Agreed, James! It's the kind of pedal that would probably grow old if it was on every song. But it works so amazingly in the right places. There's just nothing else like it, really. Like I mentioned in another reply, rolling back the tone knob of the guitar to varying degrees really bought out different "bowing" tones. It's really an amazing pedal, and it organically responds to the harmonic content it receives from the guitar. Just experimenting with the tone knob (in some cases rolling the tone all the way back, for example) really brought out these beautiful symphonic tones.
I have the Cloudburst pedal. Do you think I'd be able to replicate this closely with adding only the SuperEgo? Or Mosaic? Or do I REALLY need all 3? If I were to buy one or the other which would you suggest? Great video. I spent 20 minutes looking for this video again so I subscribed and "liked" it. Thanks buddy.
That's really interesting about the tone knob, it's an effect clearly but the excellent way you are using it, makes the pedal an instrument in its own right a midi guitar string synthesizer. Nice playing and composing should have mentioned that in my previous comment.The only one thing - To hear these lovely strings in any one section I guess you'd need to keep the big distortions and power chords etc at bay or leave them for other sections of your music,those beautiful strings have to be heard! Have you thought about writing / recording a piece entirely with the string sounds from the pedal - bass strings / cello without reverb and the higher strings with reverb wouldn't that sound incredible?oh wait I think you've done that? Do you think other manufacturers will copy this shall we say phenomena?Don't think there's any direct comparison except the shimmers.
I created three other videos containing the discrete parts alone ("Violins 1", "Violins 2", and "Cellos", respectively), and those videos are available on my channel. But I didn't combine them in a "strings only" symphonic thing. I was just demonstrating each part discreetly, without any other accompaniment. Check those out when you get a chance! Thanks so much for the compliment! Much appreciated. Right about other pedal makers. I think EHX is maybe the only other one that has pedals in the same ballpark, except they're using different technology and (I suspect) not nearly as much underlying DSP power as the CloudBurst. Strymon "took it up to 11" with the CloudBurst DSP-wise. They spent a lot of time in R&D, from what I gathered watching the video on the Strymon website's CloudBurst product page (the CloudBurst developers discussing).
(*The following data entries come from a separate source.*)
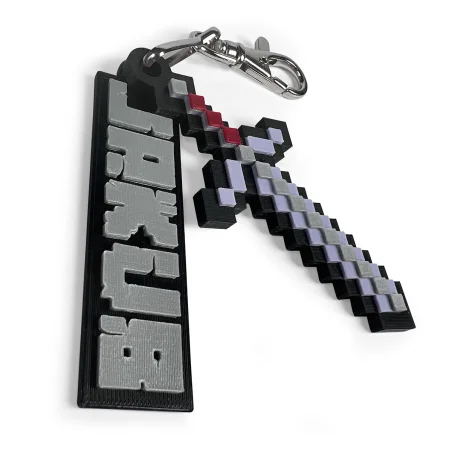 Set of 3D Minecraft-Style Name Keychains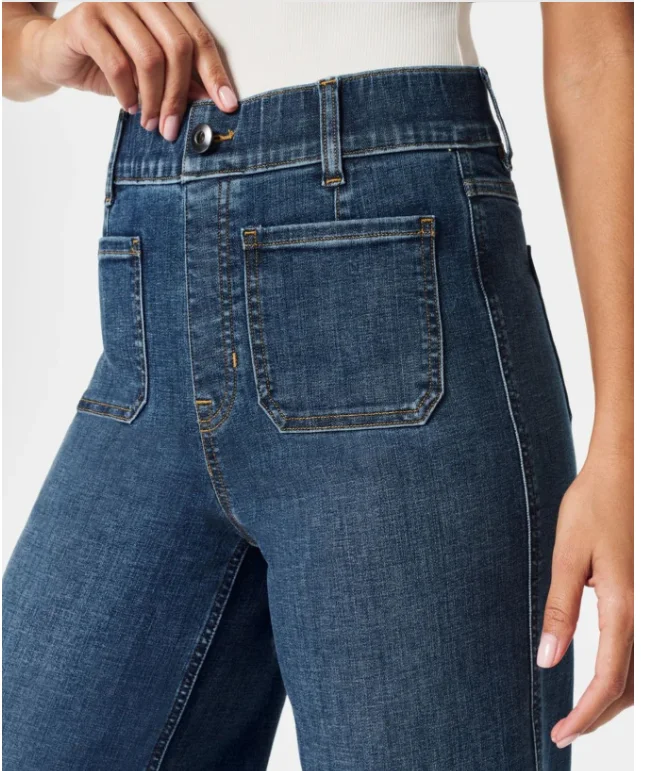 Dżinsy z wysokim stanem i przednimi kieszeniami, dżinsy z szerokimi nogawkami i marszczeniem na brzuch, dżinsy z kontrolą brzucha, dżinsy cropped.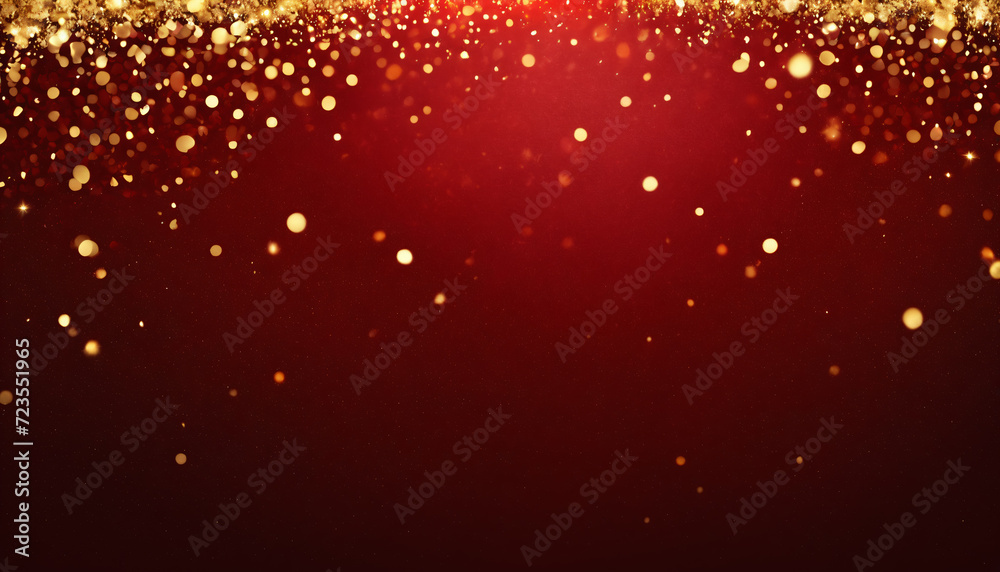 Sparkling Red Bokeh Background with Golden Glitter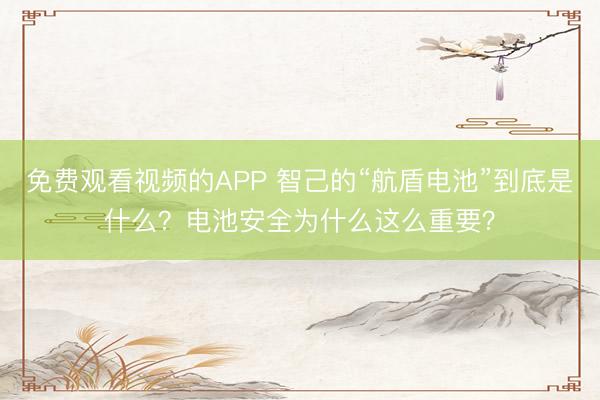 免费观看视频的APP 智己的“航盾电池”到底是什么？电池安全为什么这么重要？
Thanks, James! What a cool pedal. So much lush sound in a tiny package. I found that rolling back the tone knob on my guitar (for some parts, all the way back) creates excellent orchestral textures. You'd think it would cause it to be muffly, but the pedal doesn't work like that. It still creates the gorgeous violins-bowing string section vibe with rich harmonics. The difference is in exactly how it responds with the tone knob rolled back at varying levels. It just creates different sounds, but all of them are lush and vibrant.
Something I didn't talk much about is the glissando effect of the EHX SuperEgo, lilting one chord into another. That almost deserves its own dedicated video, because it works so well with this kind of thing.